In its decade of existence, electric-car startup Tesla has accomplished many things the auto industry didn’t think it could do.
But could Tesla Motors [NSDQ:TSLA] be as disruptive to the existing industry as were Toyota and Nissan, the two largest Japanese car importers during the Sixties, Seventies, and Eighties?
That’s the premise of Adam Jonas, who leads auto-industry research at Morgan Stanley. His quote ends an article in The New York Times last Friday.
That column, by noted financial author James Stewart, looked at Tesla’s opportunities and challenges from the point of view of a potential buyer.
“There’s been a seismic change,” Jonas says. “The auto industry hasn’t seen anything this disruptive since the dawn of the Japanese manufacturers.”
And the disruption Jonas cites was severe.
Small, reliable, fuel-efficient
Toyota and Nissan (then Datsun)–along with later arrival Honda–offered small, fuel-efficient cars (which Detroit said no one wanted) that were more reliable than anything coming from domestic competitors (a fact Detroit ignored for three decades).
Collectively, they went from selling fewer than 100,000 cars a year in the mid-Sixties to millions by the end of the Eighties.
They expanded their model lines, established U.S. assembly plants (under threat of import duties), and pioneered the crossover utility vehicle, among other achievements.
In 1970, General Motors alone made half the vehicles sold in the U.S. Last year, that number had fallen to 17.9 percent–an 88-year low.

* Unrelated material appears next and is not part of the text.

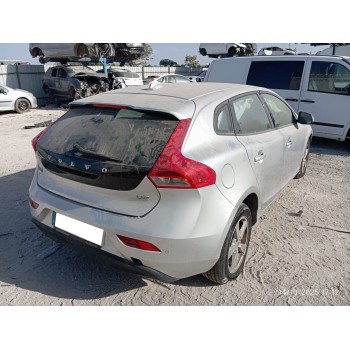 VOLVO V40 - miniatura 2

The decline of the three domestic automakers is reflected in what they’re called in the media: Many outlets now refer to the former “Big Three” simply as the “Detroit Three.”
Tesla Motors CEO Elon Musk with Tesla Roadster
Tesla on top
Tesla has already surpassed most other notable automotive startups. At its current rate, it will have more than 26,000 cars on the world’s roads by the end of the year.
That handily beats Delorean (9,000 cars), Bricklin (2,850 cars), and Tucker (a mere 51 cars) among the notable automotive startups of the past half-century.
The Tesla Roadster alone, even before it struggled into showrooms late in 2008, was enough of a goad to GM that the company green-lighted the Chevrolet Volt range-extended electric car (and protected it during its epic 2009 bankruptcy and government-backed restructuring).
The Volt remains the highest-selling plug-in electric car on U.S. roads, though Tesla’s planned volume of 21,000-plus Model S cars during 2013 gets close to Volt numbers.
What are the risks?
So knowing that we have many Tesla fans and supporters in our audience, we have two questions.
What are the biggest risks that could prevent Tesla from growing into a global automaker of scale?
And, how will we know when Tesla has truly disrupted Detroit and the U.S. auto market?